WHISTLER, British Columbia -- Oh, sure, blame the accident on a dead man who can't defend himself. As if the tragedy on Blackcomb Mountain wasn't devastating enough to the Olympic movement, the legacy of the XXI Winter Games, Canada's dreams and a heartbroken family in the republic of Georgia, now we have to endure insensitive, clumsy finger-pointing from officials who won't accept a grave reality: They made the luge track too fast. Incredibly, they ruled Saturday that Nodar Kumaritashvili was a reckless driver who failed to compensate on his sled when he was late coming out of the next-to-last turn.
"There was no indication the accident was caused by deficiencies in the track,'' concluded the International Luge Federation, a motion seconded by Vancouver Olympic organizers. "This resulted in a late entrance into curve 16, and although the athlete worked to correct the problem, he eventually lost control of the sled, resulting in the tragic accident.''
It's a bogus explanation akin to posting a speed limit of 95 mph on an expressway, then blaming the driver for spinning out of control at, say, 95 mph.
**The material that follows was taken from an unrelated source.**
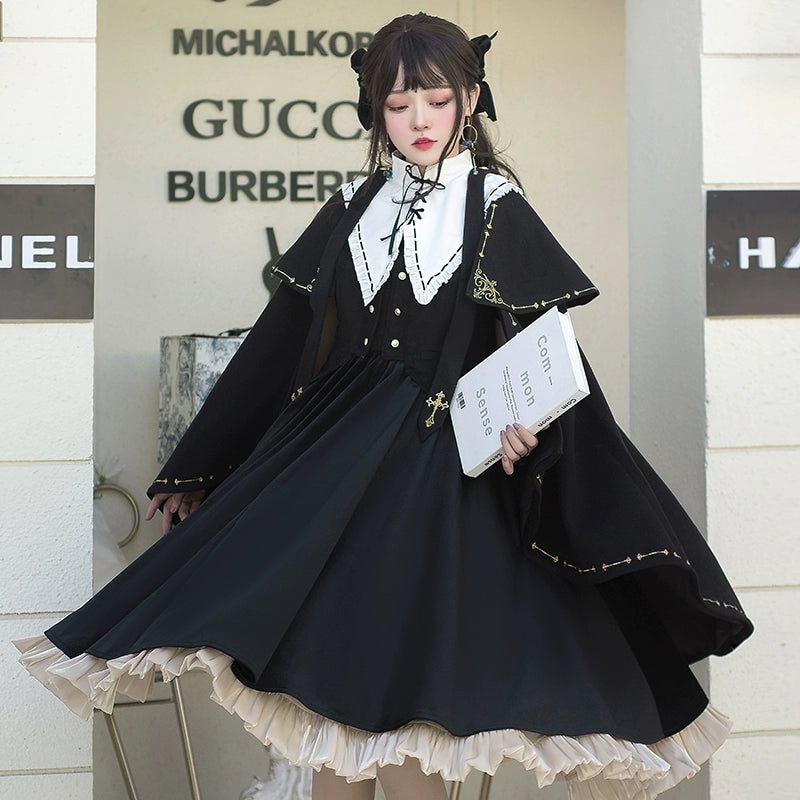 Black Silk Gothic OP Dress Lolita Cloak Set Lolita Coats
For months, serious concerns had been voiced that the track at Whistler Sliding Center was dangerous and vulnerable to a horrific event. Among the alarmed was none other than Josef Fendt, president of FIL, who said in November 2008 that racers were flying too fast on the course at 92.5 mph (149 kilometers) and urged that top speeds be reduced in the future to 85 mph (136 kilometers). "This is not in the interest of our International Luge Federation, and it makes me worry,'' Fendt said then -- in an FIL news release, no less. He also was critical of the Whistler track's designers, saying he didn't expect "such a leap'' in speeds.
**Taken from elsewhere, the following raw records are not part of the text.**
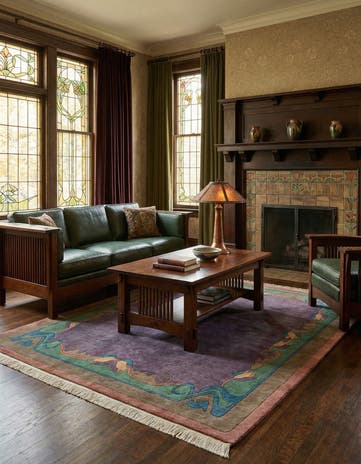 6' 7 x 8' 2 Hand Knotted Tibet Wool Rug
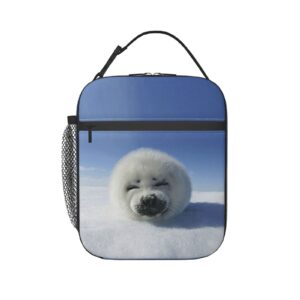 hionhsw smiling harp seal insulated lunch box removable buckle handle strap bag lunch container for women, men, kid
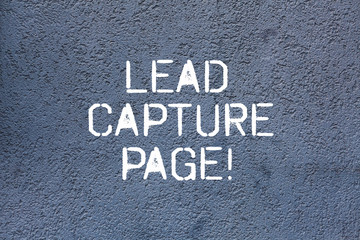 Fototapeta premium Text sign showing Lead Capture Page. Conceptual photo landing sites that helps collect leads for promotions Brick Wall art like Graffiti motivational call written on the wall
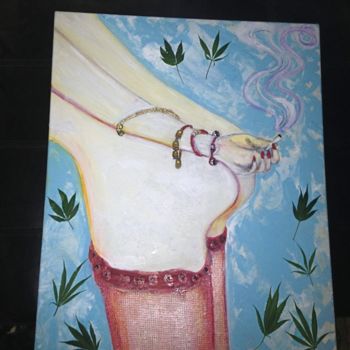 Painting titled "Midnight toker" by Krista Ryan, Original Artwork, Oil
Yet there was Fendt on the morning after in this stunned village, claiming that he never said such things. "We never said it is too fast. We are not saying this track is too fast, but that the track is fast,'' he said, using an interpreter because his English is lacking. "We did not expect those speeds, but after that, we found out that the track is safe for the athletes. We know all tracks are getting faster over time, and in planning future tracks, we have to make sure we don't go beyond 140 kilometers an hour. The speed of 137 here is an appropriate number.''
So why did Fendt, the most powerful man in the sport, watch idly as some racers hit 95 mph (153 kilometers) on practice runs this week? If he was so worried 15 months ago, why wasn't he mortified as several lugers were expressing fears, comparing themselves to "crash-test dummies'' who felt like their bodies were "on fire'' when they wrecked at high speeds? There had been more than a dozen crashes on the track during training before Kumaritashvili's 89-mph death ride. Where were the big bosses?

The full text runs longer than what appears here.